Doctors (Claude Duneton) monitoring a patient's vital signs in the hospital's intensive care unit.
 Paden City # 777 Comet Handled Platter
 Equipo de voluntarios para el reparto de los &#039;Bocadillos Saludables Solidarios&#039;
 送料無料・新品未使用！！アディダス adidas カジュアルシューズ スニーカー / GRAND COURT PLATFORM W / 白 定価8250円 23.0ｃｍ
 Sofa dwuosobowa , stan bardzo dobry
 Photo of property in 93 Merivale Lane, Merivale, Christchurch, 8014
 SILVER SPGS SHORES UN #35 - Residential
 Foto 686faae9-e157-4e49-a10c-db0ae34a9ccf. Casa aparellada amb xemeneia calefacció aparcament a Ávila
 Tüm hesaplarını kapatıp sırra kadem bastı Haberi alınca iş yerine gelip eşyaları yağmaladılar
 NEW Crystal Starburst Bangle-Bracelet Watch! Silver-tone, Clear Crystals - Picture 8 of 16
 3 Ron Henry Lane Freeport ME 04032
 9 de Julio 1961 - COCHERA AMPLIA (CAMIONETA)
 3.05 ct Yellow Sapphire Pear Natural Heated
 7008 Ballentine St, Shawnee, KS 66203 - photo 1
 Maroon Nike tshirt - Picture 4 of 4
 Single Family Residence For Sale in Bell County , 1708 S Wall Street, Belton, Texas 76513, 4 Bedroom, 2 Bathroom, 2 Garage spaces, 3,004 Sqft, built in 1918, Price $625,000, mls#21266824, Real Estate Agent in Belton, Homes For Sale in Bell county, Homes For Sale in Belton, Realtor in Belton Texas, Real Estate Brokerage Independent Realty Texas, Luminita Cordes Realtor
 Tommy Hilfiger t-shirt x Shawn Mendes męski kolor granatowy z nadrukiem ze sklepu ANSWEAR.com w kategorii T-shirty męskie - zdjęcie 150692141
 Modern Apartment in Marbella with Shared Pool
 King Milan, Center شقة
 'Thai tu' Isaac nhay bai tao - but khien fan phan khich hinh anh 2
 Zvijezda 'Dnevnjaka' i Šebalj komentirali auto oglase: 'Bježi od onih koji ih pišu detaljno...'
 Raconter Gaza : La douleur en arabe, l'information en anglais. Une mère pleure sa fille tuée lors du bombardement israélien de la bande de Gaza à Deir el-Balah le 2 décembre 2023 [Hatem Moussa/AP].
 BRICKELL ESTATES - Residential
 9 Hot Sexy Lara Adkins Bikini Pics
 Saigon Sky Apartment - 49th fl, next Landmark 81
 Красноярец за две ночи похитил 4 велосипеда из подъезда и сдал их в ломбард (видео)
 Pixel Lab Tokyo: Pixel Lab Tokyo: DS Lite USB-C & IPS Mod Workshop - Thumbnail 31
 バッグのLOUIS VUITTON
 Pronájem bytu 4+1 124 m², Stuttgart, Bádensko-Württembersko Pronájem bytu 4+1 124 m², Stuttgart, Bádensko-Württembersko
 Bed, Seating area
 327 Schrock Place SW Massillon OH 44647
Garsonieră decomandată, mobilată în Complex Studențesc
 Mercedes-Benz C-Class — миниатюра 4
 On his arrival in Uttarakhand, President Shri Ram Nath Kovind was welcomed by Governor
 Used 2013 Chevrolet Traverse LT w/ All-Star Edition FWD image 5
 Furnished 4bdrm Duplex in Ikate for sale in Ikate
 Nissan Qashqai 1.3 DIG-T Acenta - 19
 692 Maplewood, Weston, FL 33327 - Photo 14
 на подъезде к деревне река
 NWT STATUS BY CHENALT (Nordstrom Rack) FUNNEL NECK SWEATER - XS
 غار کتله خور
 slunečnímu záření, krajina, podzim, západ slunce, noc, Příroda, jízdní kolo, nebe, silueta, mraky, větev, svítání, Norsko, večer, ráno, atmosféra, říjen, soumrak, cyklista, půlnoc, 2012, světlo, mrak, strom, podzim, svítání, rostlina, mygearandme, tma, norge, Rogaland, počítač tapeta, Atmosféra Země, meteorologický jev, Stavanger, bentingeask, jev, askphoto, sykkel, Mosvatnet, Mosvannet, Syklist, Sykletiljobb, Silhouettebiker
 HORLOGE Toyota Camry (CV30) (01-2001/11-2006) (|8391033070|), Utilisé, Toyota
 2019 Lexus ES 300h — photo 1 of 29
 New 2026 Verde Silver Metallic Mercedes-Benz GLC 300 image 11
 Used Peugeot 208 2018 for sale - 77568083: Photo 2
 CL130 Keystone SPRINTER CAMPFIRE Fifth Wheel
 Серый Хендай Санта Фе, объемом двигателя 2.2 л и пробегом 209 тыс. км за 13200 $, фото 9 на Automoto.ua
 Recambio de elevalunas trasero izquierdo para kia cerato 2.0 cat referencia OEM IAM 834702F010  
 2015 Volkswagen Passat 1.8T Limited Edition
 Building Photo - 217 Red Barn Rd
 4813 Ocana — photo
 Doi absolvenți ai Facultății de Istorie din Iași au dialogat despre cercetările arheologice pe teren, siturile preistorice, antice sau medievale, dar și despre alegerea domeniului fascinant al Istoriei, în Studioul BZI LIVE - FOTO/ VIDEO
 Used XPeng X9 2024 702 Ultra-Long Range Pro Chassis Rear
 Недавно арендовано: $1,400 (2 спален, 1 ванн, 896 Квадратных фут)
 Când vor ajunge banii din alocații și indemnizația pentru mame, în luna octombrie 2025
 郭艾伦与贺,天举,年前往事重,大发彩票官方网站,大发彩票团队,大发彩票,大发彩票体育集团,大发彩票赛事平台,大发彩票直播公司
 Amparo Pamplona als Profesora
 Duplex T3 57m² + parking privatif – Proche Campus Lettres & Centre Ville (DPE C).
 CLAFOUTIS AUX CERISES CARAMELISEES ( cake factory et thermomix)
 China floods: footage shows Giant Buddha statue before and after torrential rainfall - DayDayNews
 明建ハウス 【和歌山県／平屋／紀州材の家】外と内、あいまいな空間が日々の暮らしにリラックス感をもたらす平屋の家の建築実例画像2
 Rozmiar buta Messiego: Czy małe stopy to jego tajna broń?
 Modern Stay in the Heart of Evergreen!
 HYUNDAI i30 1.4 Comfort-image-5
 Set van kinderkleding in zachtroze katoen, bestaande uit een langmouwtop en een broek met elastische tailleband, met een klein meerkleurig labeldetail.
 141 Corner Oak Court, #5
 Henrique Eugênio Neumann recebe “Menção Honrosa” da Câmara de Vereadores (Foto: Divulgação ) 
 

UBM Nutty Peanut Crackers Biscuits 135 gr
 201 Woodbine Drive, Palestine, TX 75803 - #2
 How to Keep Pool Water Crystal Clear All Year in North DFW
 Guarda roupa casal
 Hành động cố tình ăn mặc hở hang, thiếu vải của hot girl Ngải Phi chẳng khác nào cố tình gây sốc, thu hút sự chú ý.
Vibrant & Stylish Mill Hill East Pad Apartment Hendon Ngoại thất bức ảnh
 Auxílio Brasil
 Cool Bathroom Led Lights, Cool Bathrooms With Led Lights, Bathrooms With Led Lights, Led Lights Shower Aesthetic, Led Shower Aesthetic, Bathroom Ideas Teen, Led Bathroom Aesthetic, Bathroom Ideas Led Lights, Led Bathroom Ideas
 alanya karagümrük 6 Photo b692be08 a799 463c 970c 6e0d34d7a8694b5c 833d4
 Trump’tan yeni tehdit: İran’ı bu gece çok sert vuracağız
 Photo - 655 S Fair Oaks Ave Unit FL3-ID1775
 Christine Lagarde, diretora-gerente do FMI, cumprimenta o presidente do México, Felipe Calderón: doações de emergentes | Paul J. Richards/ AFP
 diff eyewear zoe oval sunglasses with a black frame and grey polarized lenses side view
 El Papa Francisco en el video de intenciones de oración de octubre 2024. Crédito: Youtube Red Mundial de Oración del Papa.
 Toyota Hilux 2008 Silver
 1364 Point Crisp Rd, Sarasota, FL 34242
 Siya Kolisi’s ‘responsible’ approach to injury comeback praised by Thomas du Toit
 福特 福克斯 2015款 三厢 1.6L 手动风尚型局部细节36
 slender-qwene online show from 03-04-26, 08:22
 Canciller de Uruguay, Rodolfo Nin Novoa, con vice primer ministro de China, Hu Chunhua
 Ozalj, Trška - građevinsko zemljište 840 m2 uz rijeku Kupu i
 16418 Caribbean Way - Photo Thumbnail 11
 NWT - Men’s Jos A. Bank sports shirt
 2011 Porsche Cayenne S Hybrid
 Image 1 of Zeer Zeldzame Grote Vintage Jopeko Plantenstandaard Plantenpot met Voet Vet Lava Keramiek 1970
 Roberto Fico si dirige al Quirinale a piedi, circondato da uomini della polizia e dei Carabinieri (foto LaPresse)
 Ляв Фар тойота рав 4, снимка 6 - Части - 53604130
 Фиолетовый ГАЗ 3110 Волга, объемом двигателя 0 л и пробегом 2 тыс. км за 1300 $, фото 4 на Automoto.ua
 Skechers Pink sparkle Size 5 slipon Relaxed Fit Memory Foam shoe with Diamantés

──────────

Exercise details → Make a list of all lines in the data that contain "Mercedes".

Reply to the exercise →
 Mercedes-Benz C-Class — миниатюра 4
 New 2026 Verde Silver Metallic Mercedes-Benz GLC 300 image 11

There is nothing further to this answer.